親の死亡保険を得た子が受けた「酷い仕打ち」 「管理できない」受取人への保険金を守るには
伯父は姿を消してから、驚愕の行動をします。シングルマザーの母親、すなわち自分の妹が男児のために残した6000万円のお金――死亡保険金を男児の名義の口座から着服・横領したのです。伯父は、そのお金を元手に全国各地を転々としながら、競艇などのギャンブルに注ぎ込んだり、遊興費に散財したりしていました(その後、伯父は横領容疑で書類送検)。
このシングルマザーは、男児を育てながら「生命保険」が大切だと認識していたのだと思います。自分の亡き後は、保険金がわが子を助けてくれる、と。しかし問題は、生命保険で十分なお金を残しても、どのような「使われ方」をするか、わからないということです。さっきも言ったように、わが子が小さい場合など、自分でお金を管理することはできません。
故人の遺志に沿って、生命保険に「信託」をつける
もし、単なる生命保険ではなく、そこに「信託」をつけて「生命保険信託」にしていたら、亡くなったシングルマザーは母親としての思いを息子へ「確実に」届けられたはずです。生命保険信託は「万一のことがあったときに、自分の代わりに信頼できる人が、自分の大切なお金を、大切な人に届ける」仕組みだからです。これだったら、息子のために残した6000万円をギャンブラーの実兄に使い込まれることはなかったでしょう。

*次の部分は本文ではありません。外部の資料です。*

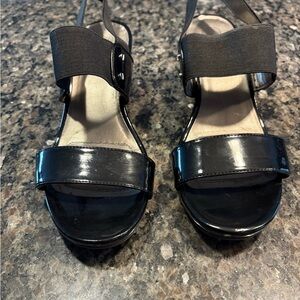 Mootsies Tootsies Wedge Black Sandals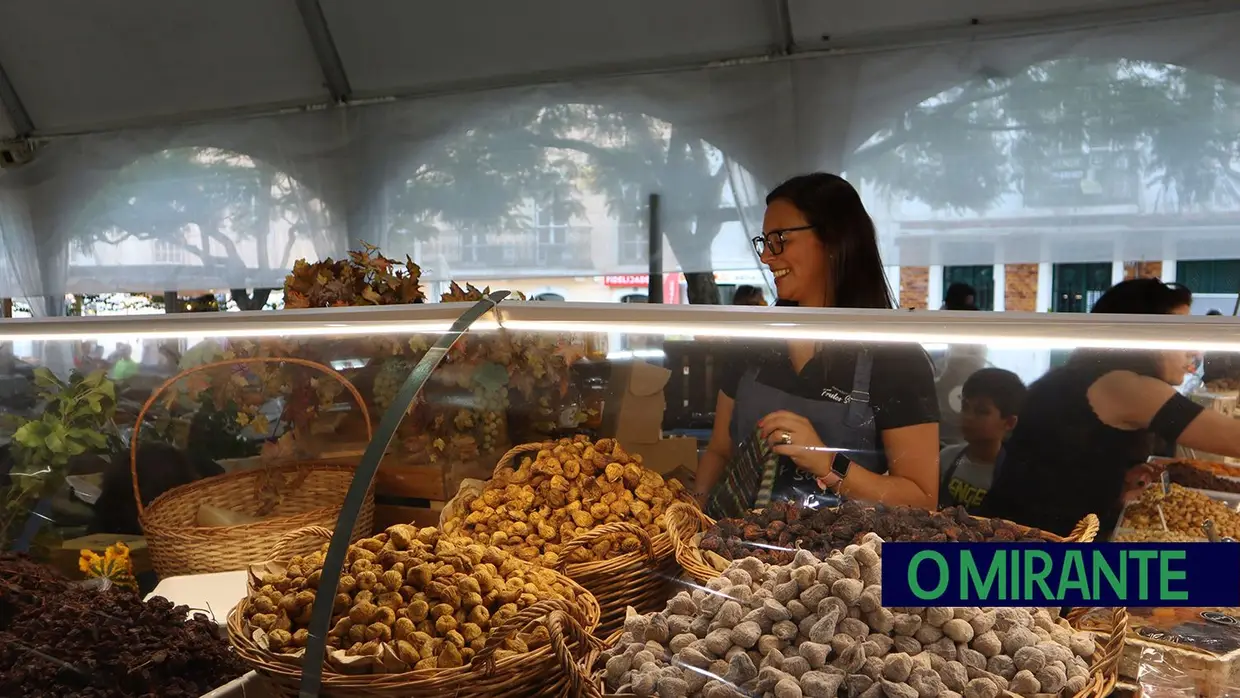 Feira Nacional dos Frutos Secos já começou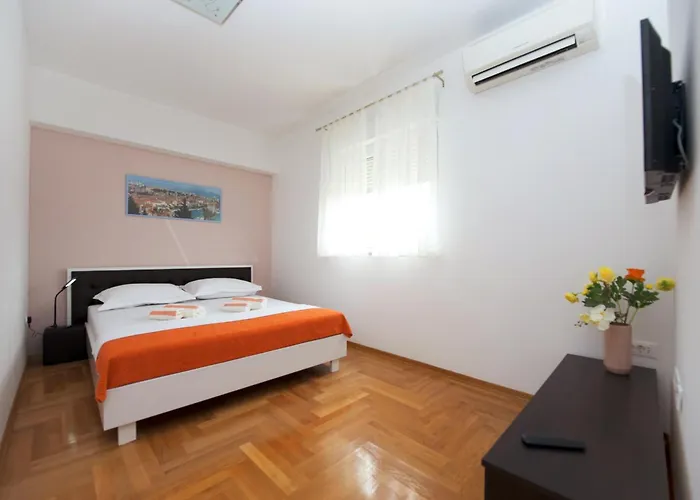 And With Parking Space - 11623 3*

実は、生命保険信託は決して難しい仕組みではありません。わかりやすく説明しましょう。主な関係者は3者ですね。
② 受託者(財産を預かる人)
③ 受益者(財産を受け取る人)
さっきのケースで言えば、①委託者=シングルマザーの母親、②受託者=信託会社・信託銀行など、③受益者=シングルマザーの息子(男児)ということになります。仮にあなたが「委託者」として生命保険信託に加入する場合、どういう流れになるか、具体的に見ていきます。
まず、【1】生命保険会社とあなたとの間で生命保険契約を結びます。【2】次に、受託者になる信託銀行などと信託契約も結びます。【3】その後、委託者のあなたが死亡すると、信託銀行などは生命保険会社に死亡保険金を請求し、生命保険会社は信託銀行などに保険金を支払います。【4】そして、信託銀行などは受益者のあなたの親族などにお金を届けていきます。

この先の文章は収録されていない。